[This post is from Matt’s point of view.]
Hecate’s hand went limp in his and Matt’s gaze jerked from the sky to her face. His throat constricted, air choked off by sudden panic. He realized a split second too late that something had gone terribly wrong.
“Shit,” he whispered, then again, more loudly, “shit.”
“What?” Phelan tore his gaze from the mists—mists that were moving now, slowly rolling across the field despite driving rain and volleys of arrows. His eyes widened as his gaze lit on Hecate’s face, her complexion suddenly the color of ashes.
“It was a trap,” Matt blurted, the words born of instinct as opposed to any sort of rational thought. He wasn’t sure how he knew, nor did he precisely care how he knew—he just did. “It was a trap.”
“What’s going on?” Marin seemed to suddenly realize that Hecate was there with them on the wall, her eyes widening a fraction. “What is—”

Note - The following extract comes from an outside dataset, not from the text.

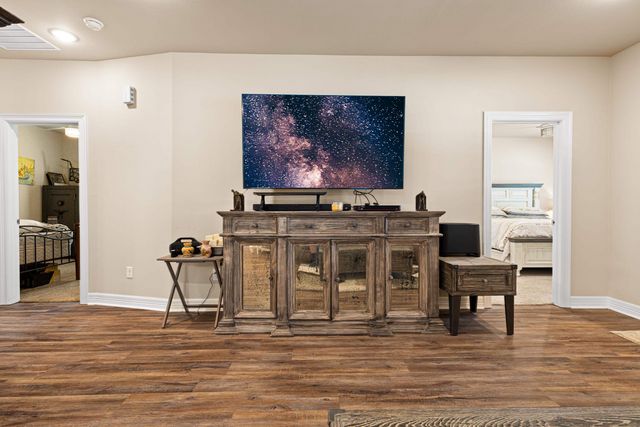 1481 W GAY AVE, Gladewater, TX 75647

“Nevermind,” Phelan said, cutting her off in mid-question. “Matt, you need to pull her out of it.”
“Me? I don’t—”
“Don’t tell me you can’t,” Phelan snapped, “because you are the only one who can. You’re connected to her. The rest of us aren’t. Do it. You have to or we’re going to lose her to them and I think we both know that’s the last thing she’d ever want.”
It’s the last damned thing I want, too. Matt swallowed bile, his grip tightening on her hand. If I’m the only one who can save her, then I guess I’m the only one. Damnation. He exhaled a shuddering breath and drew Hecate into his arms, against his chest. She felt like ice against him, her lips blue and flesh pale and bloodless. A chill swept through him unbidden.
Please. Please don’t leave me, mo chroí. Please.